I would like to present two illustrative practices:

Practice 1: Teacher poses a question: ‘What game do you play in your free time?’ Teacher expects ‘swing‘ as the correct answer. Students’ may come out with multiple responses: ‘rolling and chasing the tyre’, ‘spinning top’, ‘playing snake and ladder’, ‘hide and seek’, chasing, pallangkuzhi…’

Keeping the word ‘swing’ in mind, the teacher goes for the second question: ‘What do you see in the park?’

Once again multiple responses come: ‘Ice cream, children, trees, flowers,’

Practice 2 – Teacher shows a rose and says, ‘This is a rose.’ Students start thinking about several things associated with the rose. Many ideas (mental texts) related to the rose get generated in their minds.  For example, ‘I have seen a rose in a temple.’ Some of them may be thinking about the three roses ads, or may be thinking about other things like, rose milk, rose powder or other flowers and materials in rose colour. The students will reply as per their understanding. The target sentence, ‘This is a rose’ is not registered through this activity in their minds.

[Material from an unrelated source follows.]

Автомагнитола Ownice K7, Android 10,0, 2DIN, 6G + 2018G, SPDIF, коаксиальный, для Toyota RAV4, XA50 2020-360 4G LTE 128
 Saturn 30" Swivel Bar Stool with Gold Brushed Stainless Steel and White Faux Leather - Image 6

We were following practices like the above and couldn’t locate where the problem was. After I attended the Acquiring Competence in English (ACE) programme conducted by Dr. Anandan organized by Azim Premji Foundation I was able to sense the problems involved in the teaching of English and those related to the children’s ways of understanding.

In both the practices mentioned above, students’ ideas are not taken into account for discussion. There will be only one correct answer and once it comes out there is no need for others to think further. There is a gap between what children think and what the teacher thinks about how children think. This will not help us to proceed further for facilitating language acquisition. We will get stuck at some point if we continue practices of this kind.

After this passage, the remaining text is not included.